_The data_

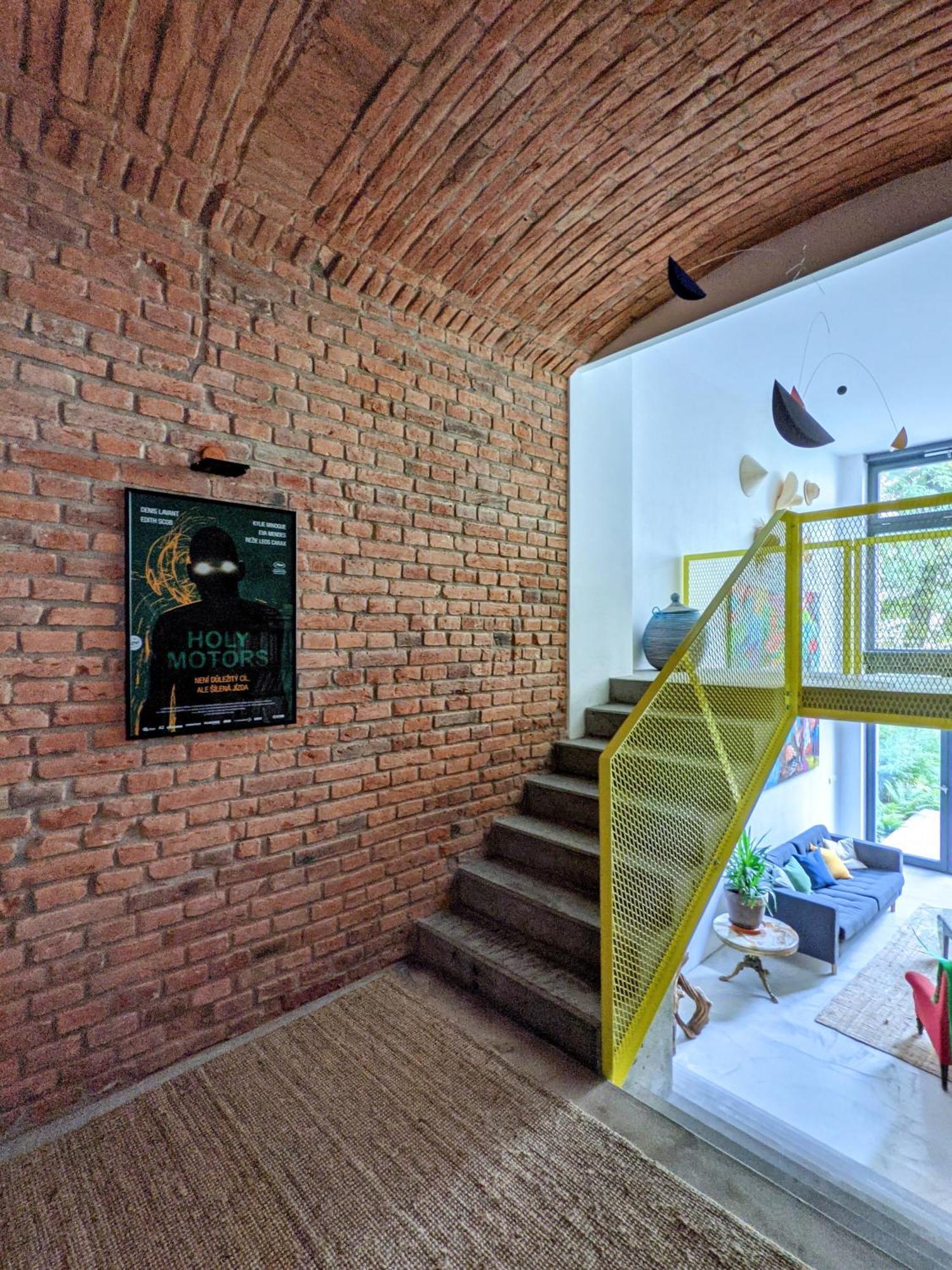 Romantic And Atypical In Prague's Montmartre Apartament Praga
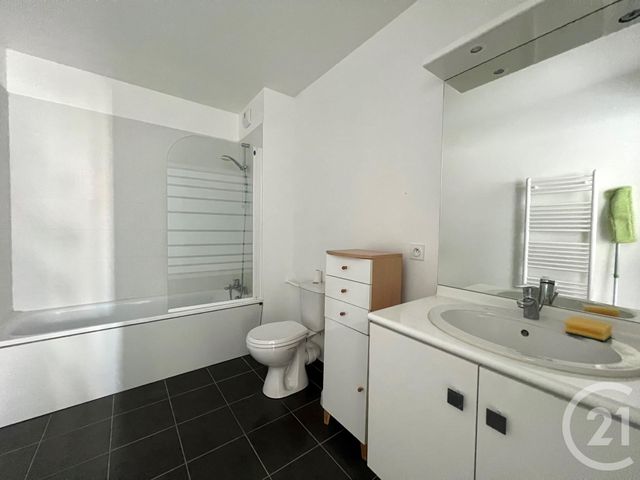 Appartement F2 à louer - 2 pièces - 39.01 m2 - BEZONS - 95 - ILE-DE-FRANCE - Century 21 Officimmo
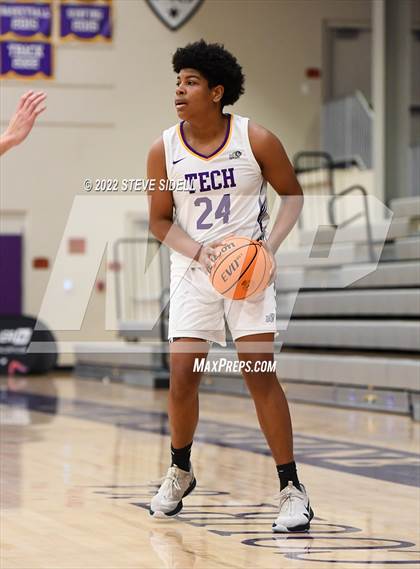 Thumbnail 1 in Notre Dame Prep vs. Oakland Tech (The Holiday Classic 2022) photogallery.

_Task goal_
Repeat the material exactly, without images.

_Result of this exercise_
 Romantic And Atypical In Prague's Montmartre Apartament Praga
 Appartement F2 à louer - 2 pièces - 39.01 m2 - BEZONS - 95 - ILE-DE-FRANCE - Century 21 Officimmo
 Thumbnail 1 in Notre Dame Prep vs. Oakland Tech (The Holiday Classic 2022) photogallery.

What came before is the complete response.